Alongside improvements in data and measurement, content marketing is on the top of most marketers’ ‘to do’ lists for 2016. As consumption habits radically transform, creating issues for the traditional advertising model, brands are recognising the power of content marketing to engage with increasingly savvy and fragmented audiences.
But are brands getting it right? According to the Content Marketing Institute’s ‘Content Marketing in Australia 2016’, which was produced in partnership with ADMA, more than half of Australian marketers say they have a clear view of what a successful content marketing scheme should look like. However, only 28 per cent of marketers believe their organisations are effective at content marketing. This indicates a considerable gap, and suggests the industry still has a long way to go when it comes to developing content capabilities.
According to this research, marketers cite numerous hurdles, including producing content which is compelling and engaging, creating content on a regular and consistent basis, and measuring the ROI or effectiveness of content marketing. The next year will see brands develop their competencies significantly, with 87 per cent of marketers saying they will produce more content in 2016 compared to 2015, but don’t expect too many short-term miracles. The brands that invest and experiment in this space will be the most likely to succeed.
Quality trumps quantity
Atomic 212° research indicates that marketers are finally starting to recognise the need for quality content – it’s not enough to just throw content at the wall and see what sticks. This is, in part, a response to changes in Google’s algorithm in recent years, which give preference to strong, quality content above websites which simply cram keywords onto the page. In other words, a strong SEO strategy must go hand in hand with strong content.

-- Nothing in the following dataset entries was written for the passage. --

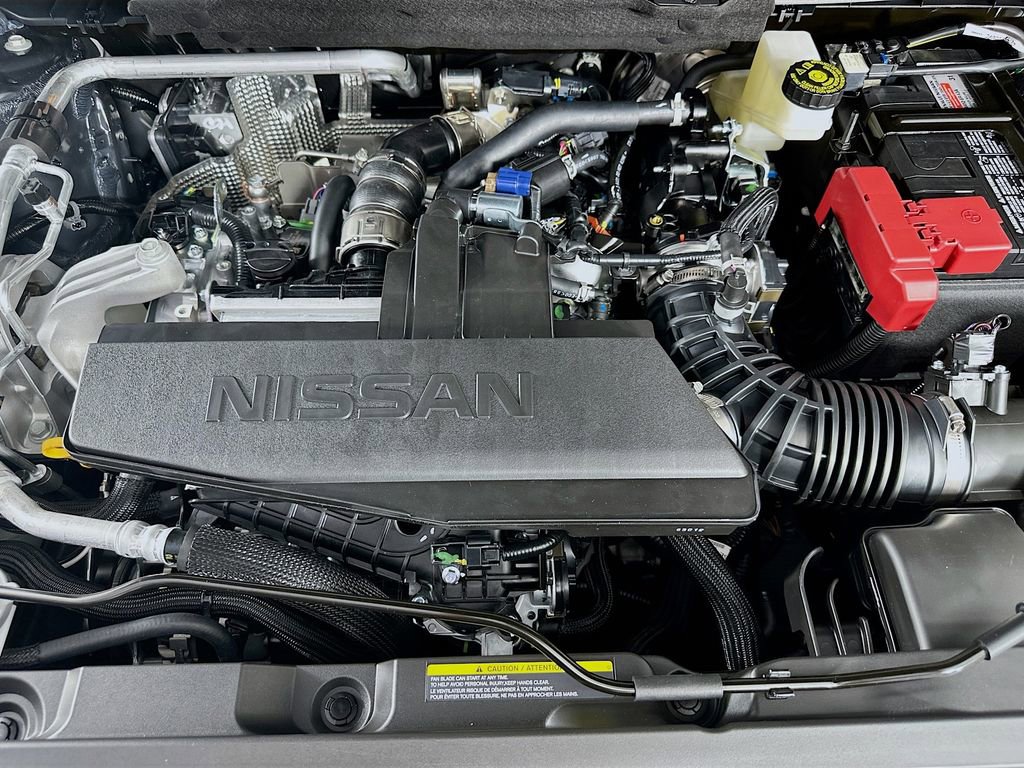 New 2026 Nissan Rogue SV w/ Rock Creek Premium Package image 37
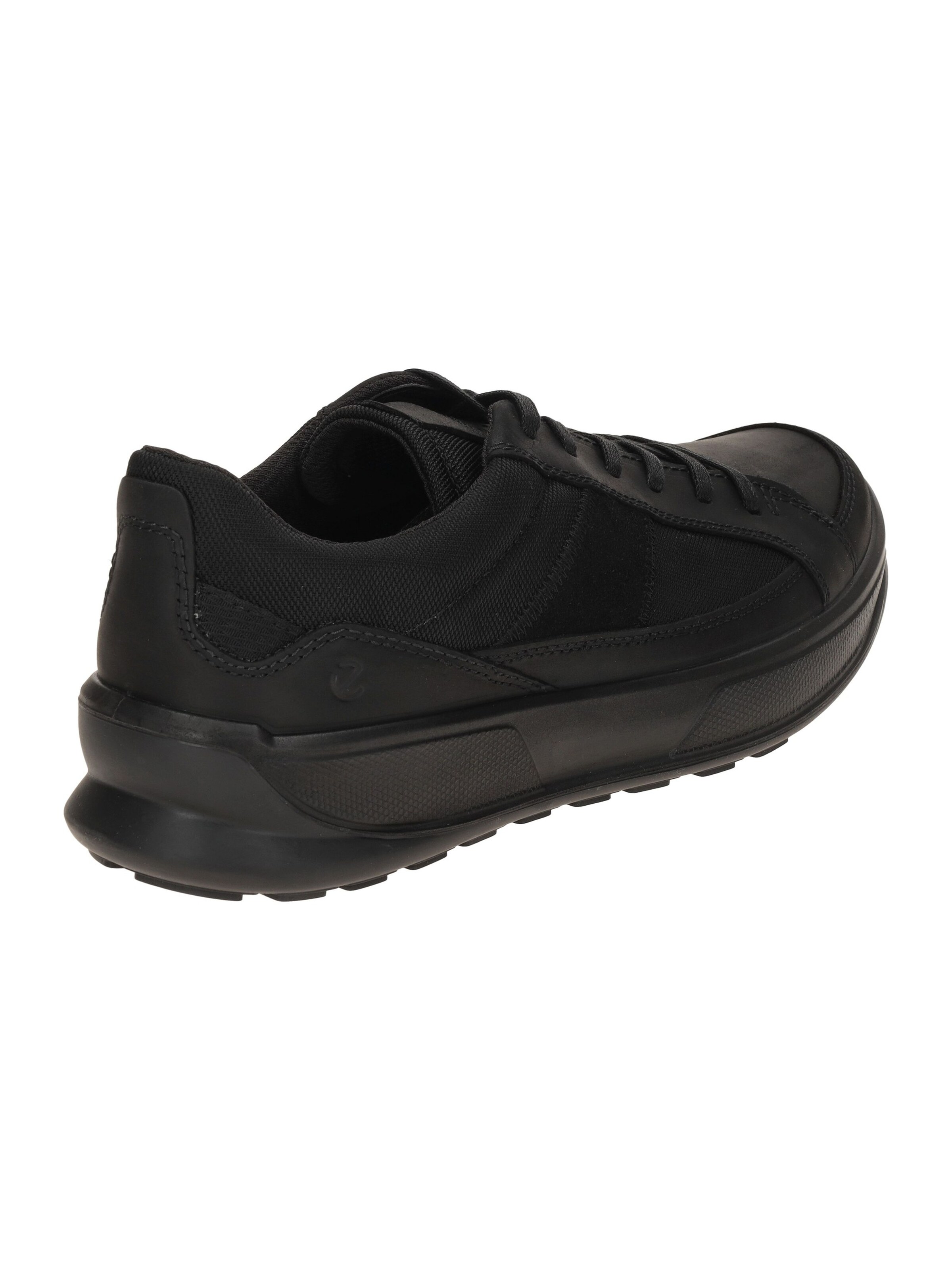 ECCO Schnürschuh 'Byway'‌‌‌‌‌‌‌‌‌‌ in Schwarz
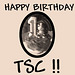 Happy Birthday TSC !!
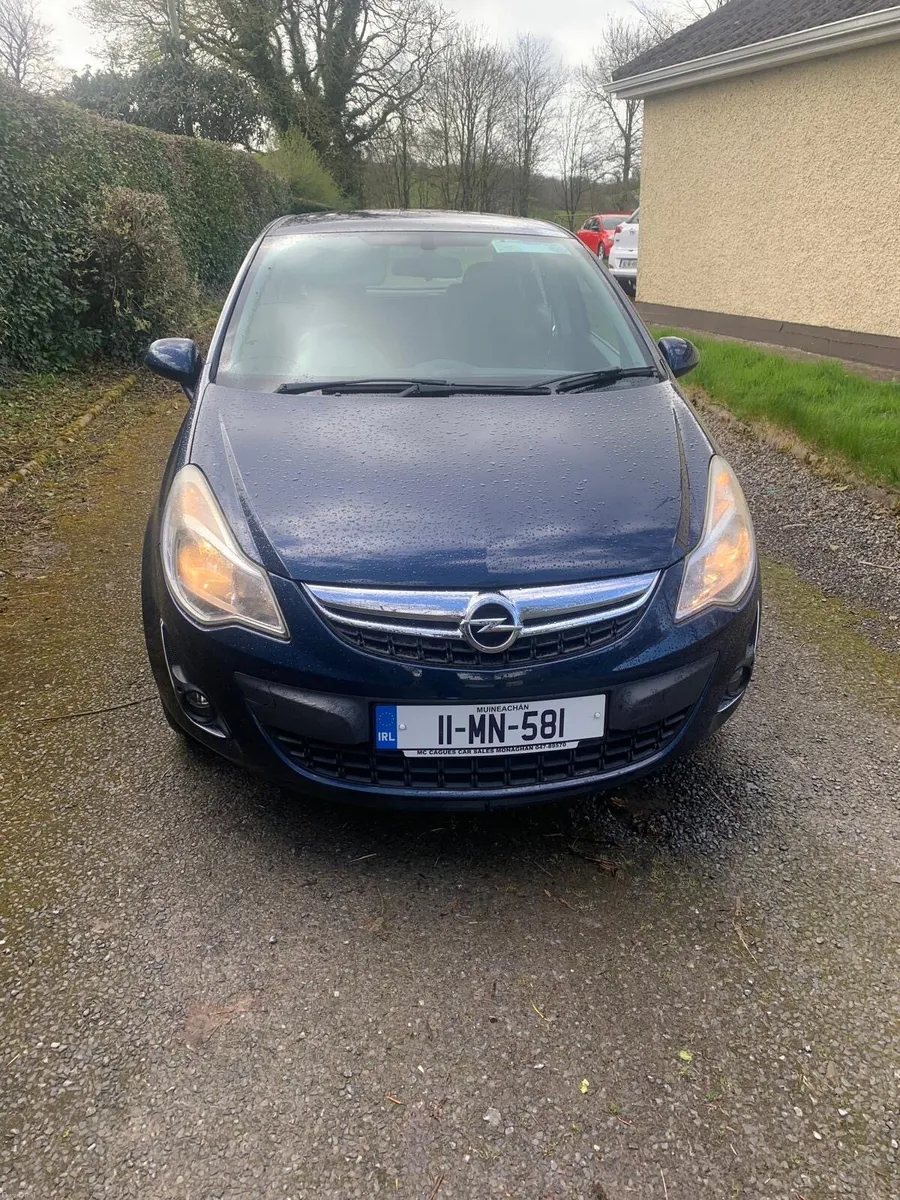 Opel Corsa - Image 2
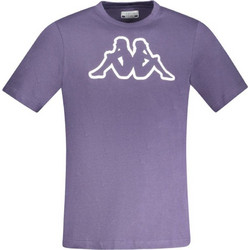 KAPPA SHORT SLEEVE T-SHIRT MEN BLUE - 303HZ70_BLXMF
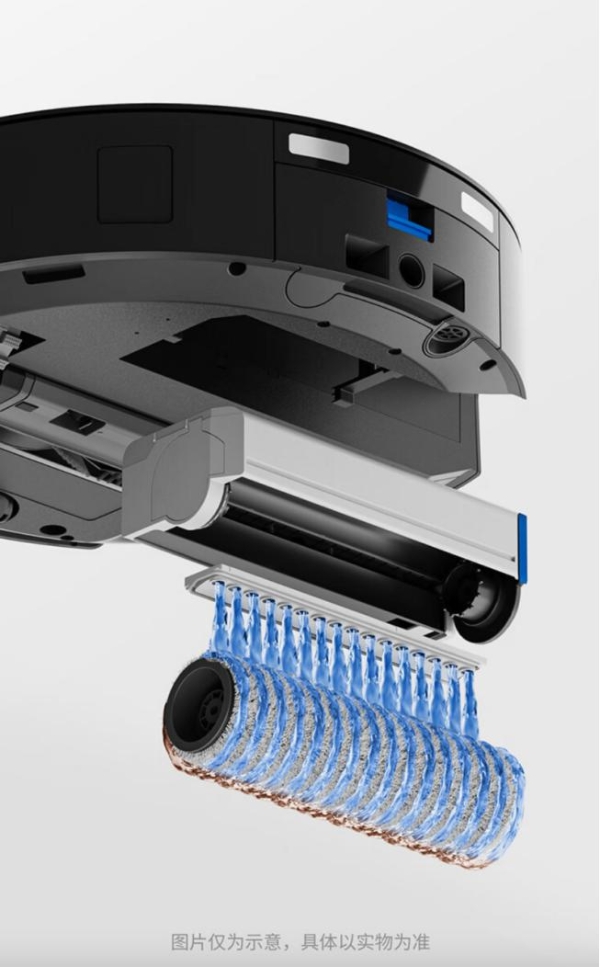 全球首创恒压活水洗地机器人，科沃斯地宝X8系列开启家用清洁机器人新时代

But this is also a response to the sheer increase in content to which consumers have access, across all channels – in such an environment, brands need to be firing to get cut through. Content creators are stretched to the limit, often leading to poorly planned, vanilla execution; in a world where audiences have so much content from which to choose, this can be the kiss of death. One strong, engaging piece of content which speaks to its target audience and builds engagement with a brand is infinitely more valuable than a hundred pieces of poor quality content which do nothing more than fill space – brands should focus their budgets on doing few things well, rather than trying to be everywhere at once.
Successful content marketers such as Adobe and Red Bull know the value of engaging their audiences – whether it be Adobe’s standalone content hub CMO which stands apart from the brand and acts as an independent source of news and information; or Red Bull’s endless stream of highly entertaining content, from extreme sports documentaries, to a bespoke magazine The Red Bulletin, to a YouTube clip of Felix Baumgartner jumping to earth from space. Red Bull in particular stands as the benchmark of quality content. With global sales in excess of ten billion dollars (making Red Bull the hands-down market leader in energy drinks), the brand has been the ultimate content marketing success story over the past decade. Of course, in 2015 the content marketing hero was GoPro – the company has utilised thousands of hours of user-generated content to generate a marketing platform that audiences actively seek out – this is the Holy Grail of marketing.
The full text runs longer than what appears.